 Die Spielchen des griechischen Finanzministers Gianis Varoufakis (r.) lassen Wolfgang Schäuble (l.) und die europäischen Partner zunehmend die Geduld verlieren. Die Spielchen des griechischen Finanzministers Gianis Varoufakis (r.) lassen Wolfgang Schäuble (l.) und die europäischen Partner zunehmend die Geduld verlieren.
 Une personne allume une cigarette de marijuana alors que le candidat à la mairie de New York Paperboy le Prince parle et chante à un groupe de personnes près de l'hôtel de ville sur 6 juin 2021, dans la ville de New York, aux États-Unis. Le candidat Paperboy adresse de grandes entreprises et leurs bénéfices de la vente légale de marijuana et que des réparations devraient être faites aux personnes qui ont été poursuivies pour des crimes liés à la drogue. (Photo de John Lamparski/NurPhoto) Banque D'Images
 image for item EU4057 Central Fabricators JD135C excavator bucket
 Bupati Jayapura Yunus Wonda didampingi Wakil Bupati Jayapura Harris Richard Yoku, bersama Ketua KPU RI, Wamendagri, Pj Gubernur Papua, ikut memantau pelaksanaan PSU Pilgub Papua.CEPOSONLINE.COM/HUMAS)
————————
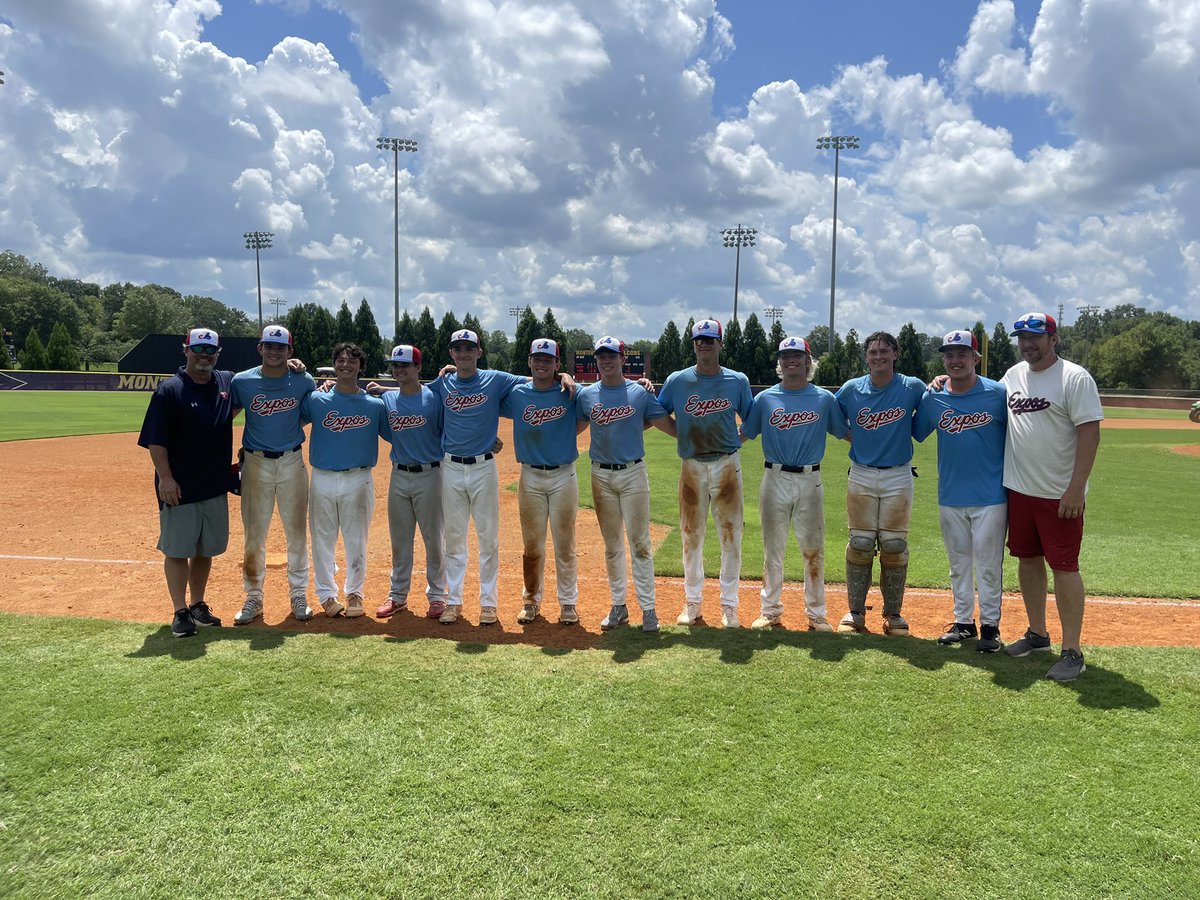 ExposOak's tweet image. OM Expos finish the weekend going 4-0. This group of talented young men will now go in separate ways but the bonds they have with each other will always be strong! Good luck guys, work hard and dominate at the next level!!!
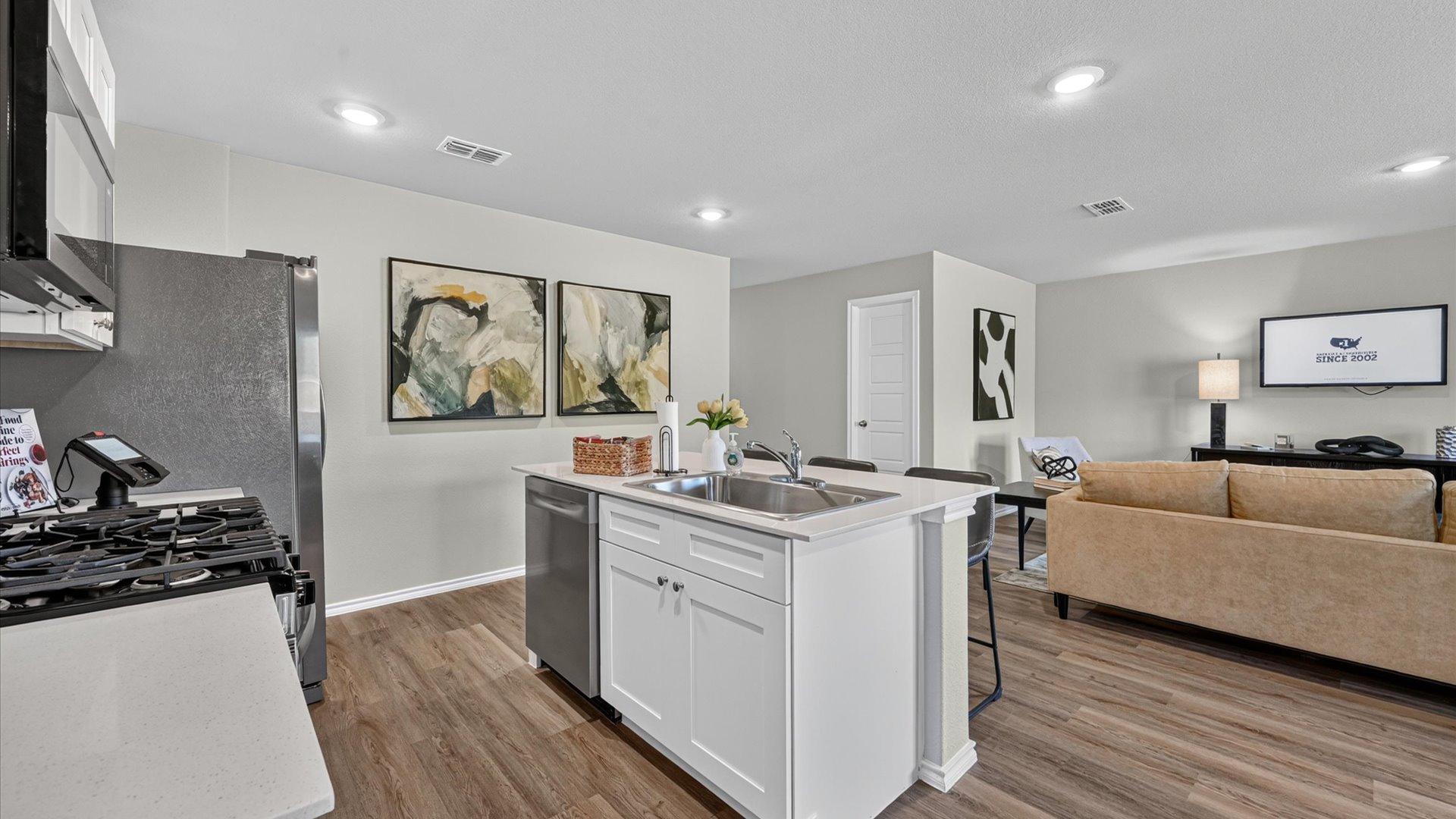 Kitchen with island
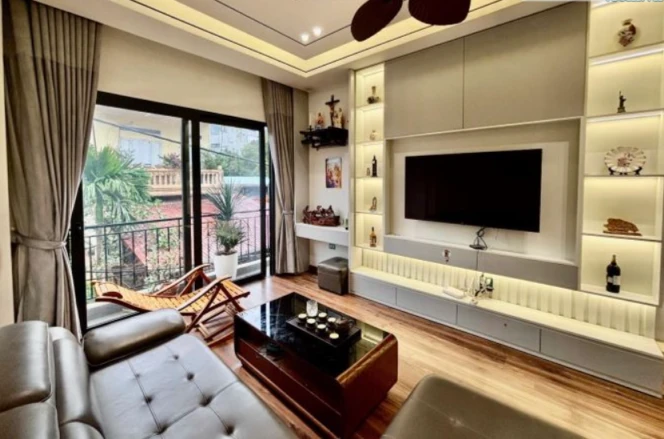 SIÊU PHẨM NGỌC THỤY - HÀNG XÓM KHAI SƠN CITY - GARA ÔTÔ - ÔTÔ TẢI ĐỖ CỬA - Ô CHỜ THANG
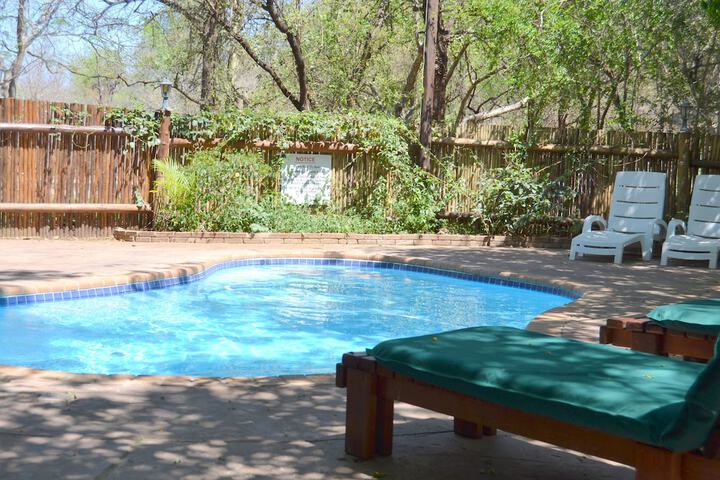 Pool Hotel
————————
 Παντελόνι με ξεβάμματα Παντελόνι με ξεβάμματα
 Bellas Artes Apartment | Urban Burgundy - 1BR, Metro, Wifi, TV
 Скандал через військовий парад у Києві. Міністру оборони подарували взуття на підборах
————————
Description of the task: Starting with the line with "Παντελόνι με ξεβάμματα Παντελόνι" above and going on through the line with "Скандал через військовий", transcribe every line exactly, both ends included, and add nothing.

Task solution:
 Παντελόνι με ξεβάμματα Παντελόνι με ξεβάμματα
 Bellas Artes Apartment | Urban Burgundy - 1BR, Metro, Wifi, TV
 Скандал через військовий парад у Києві. Міністру оборони подарували взуття на підборах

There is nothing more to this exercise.